Try it => Please output only the lines running from the one that contains "おもちゃをきれいにする猫の歯" through the last line of the data below, exactly as they stand, with no pictures.

Data provided =>
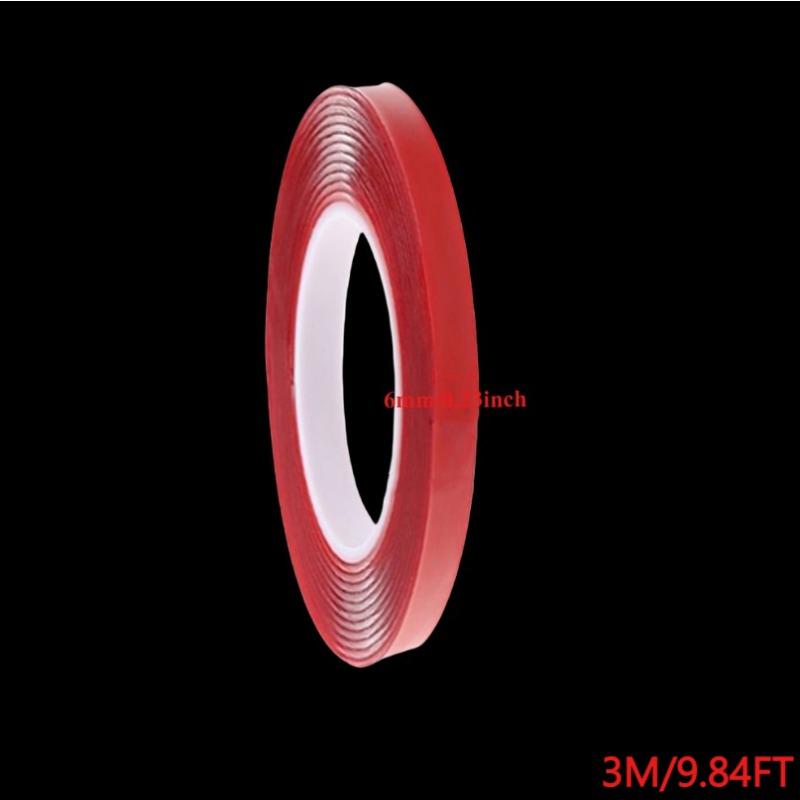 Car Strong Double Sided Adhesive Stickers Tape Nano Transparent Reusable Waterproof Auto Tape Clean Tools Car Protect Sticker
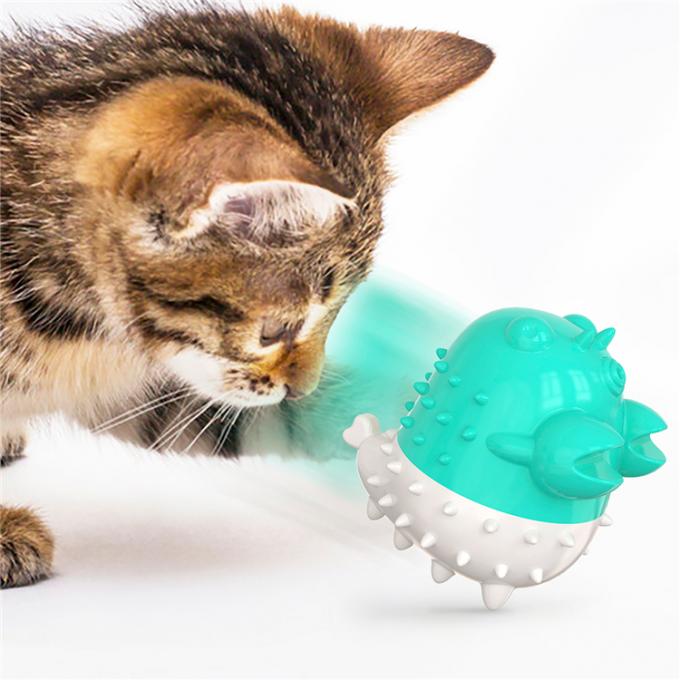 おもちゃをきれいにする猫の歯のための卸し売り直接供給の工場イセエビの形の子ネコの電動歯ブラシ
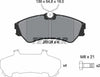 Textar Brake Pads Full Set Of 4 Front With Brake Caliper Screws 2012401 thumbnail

Your response =>
 おもちゃをきれいにする猫の歯のための卸し売り直接供給の工場イセエビの形の子ネコの電動歯ブラシ
 Textar Brake Pads Full Set Of 4 Front With Brake Caliper Screws 2012401 thumbnail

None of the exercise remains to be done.